After the war was over, sometime in the late 1940’s, the US Military stationed personnel on Okinawa. Just as the Japanese had done during the war, our military sought out Master Shimabuku to ask him to teach martial arts to the servicemen who were quartered on the island.
Master Shimabuku agreed to instruct the Americans, which is how we were first introduced to Isshin-Ryu. (His students trained hours upon hours all day long for many months. At that time, Master Shimabuku was teaching in his backyard, and it wasn’t until he opened his first dojo in Agena Village in 1956 that students, regardless of nationality, had a “formal” place to train. Even so, his dojo at that time had no roof and students trained in the weather, rain or shine.) Although he taught many American military personnel over the years, most chose not to continue training upon returning home. However, there were four returning servicemen, in particular, who chose to not only continue their training, but who are responsible for the introduction and development of Isshin-Ryu Karate in the United States.

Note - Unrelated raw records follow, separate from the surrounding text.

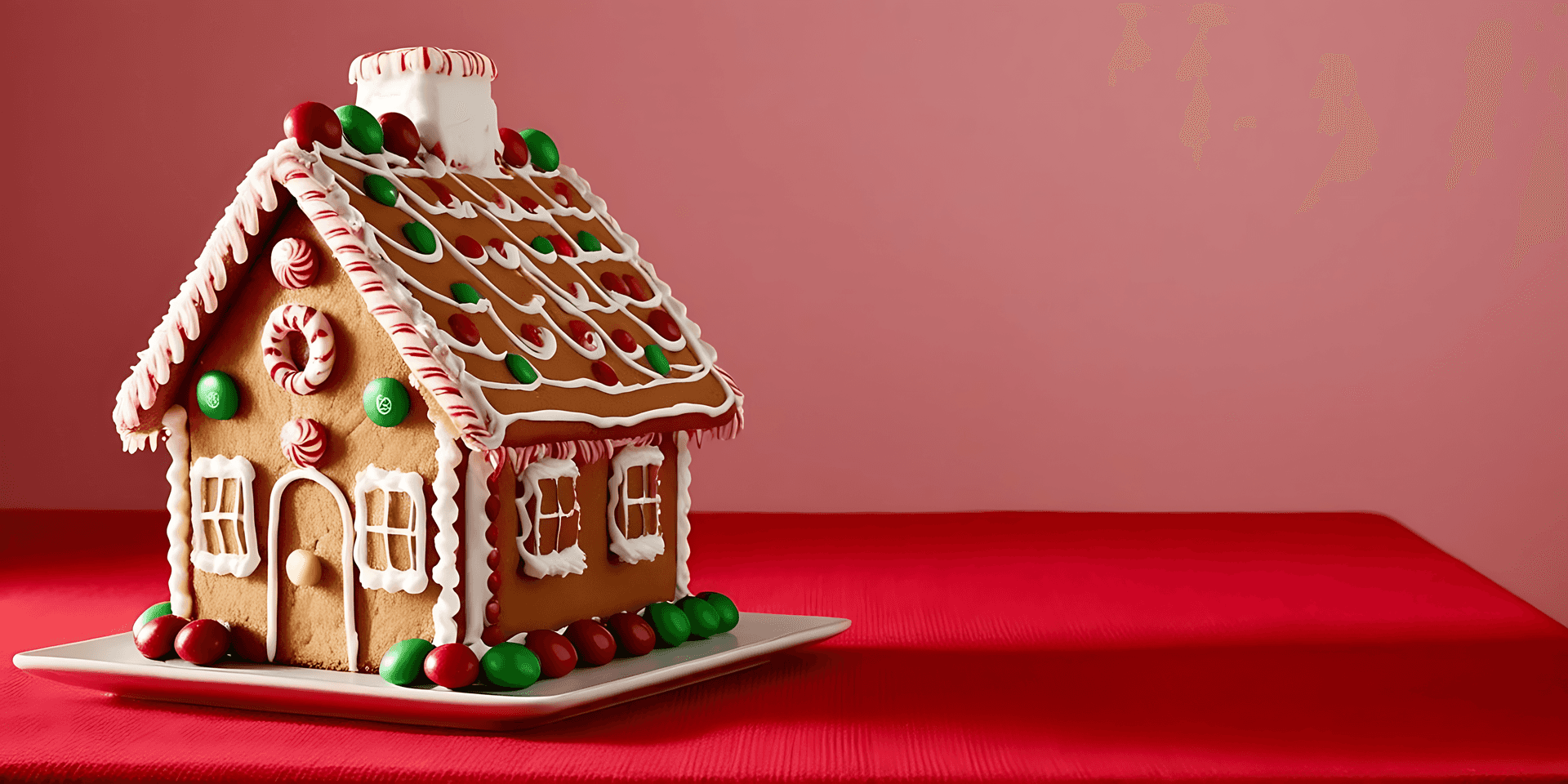 Peperkoekhuis met rooi agtergrond Muurpapier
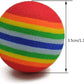 12 Pack Rainbow Cat Toy Balls Soft EVA Foam Interactive Indoor Kittens Favorite Toys 1.38" Dia. Small Dogs Puppies Toy Balls Bulk Activity Chase Quiet Play Sponge Ball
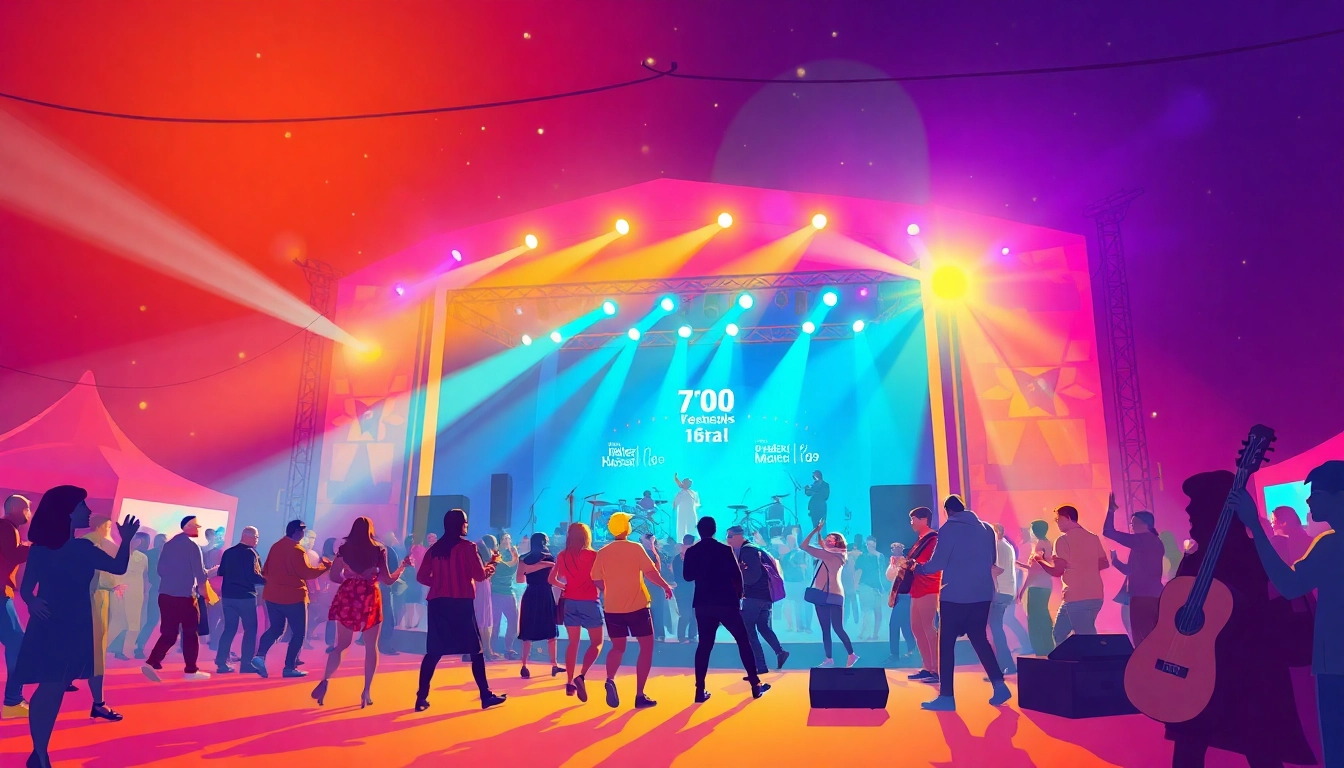 Experience the vibrant energy of 汽水音乐官网 showcasing live music at a festival.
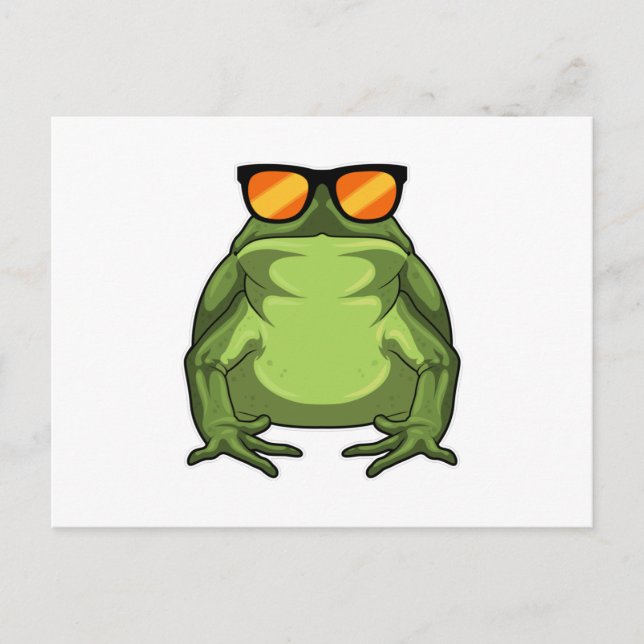 Carte Postale Grenouille avec des lunettes de soleil (Devant)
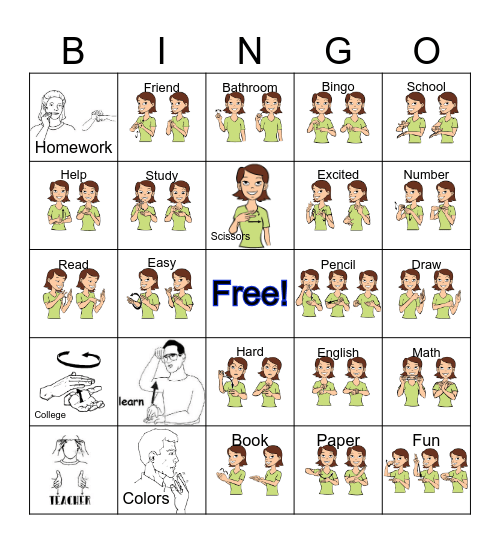 Back to School Bingo Card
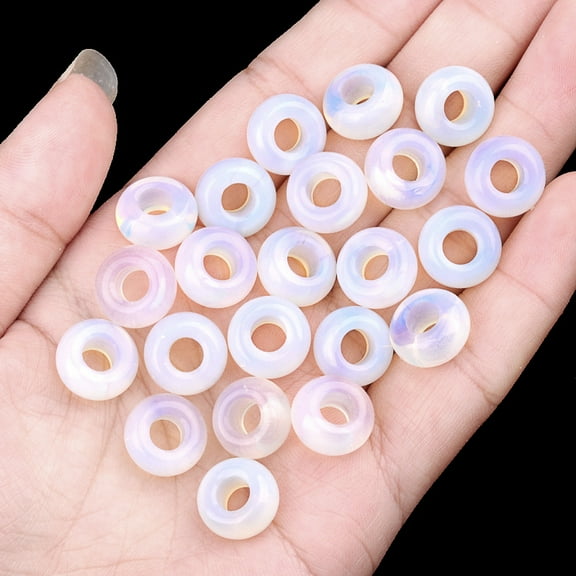 Firefly Hope 20 Pcs 612mm Rondelle Natural Gemstone Loose Beads, Large Hole Beads for DIY Jewelry Making, Bracelets & Macrame Projects, Opal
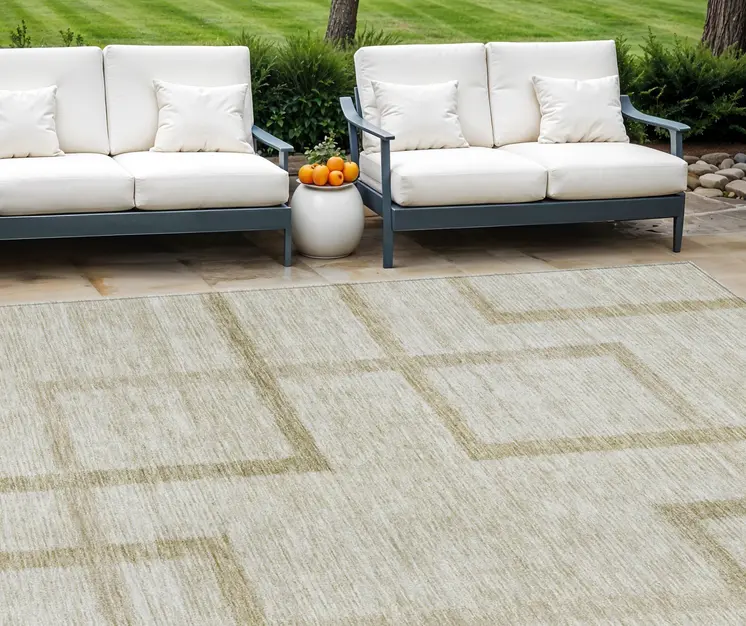 8' X 10' Beige Tan And Taupe Geometric Washable Indoor Outdoor Area Rug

12sm Don Nagle, Steve Armstrong, Harold Mitchum and Harold Long were Master Shimabuku’s best and most serious American students. Taking what they learned from Master Shimabuku on the island, these men returned home to establish dojos in their respective parts of the country, and ultimately, Isshin-Ryu associations of worldwide prominence.
Eventually, each man would establish a lineage that not only embodied the philosophies and teachings of Master Shimabuku, but that served to reflect the core values contained in their own lives.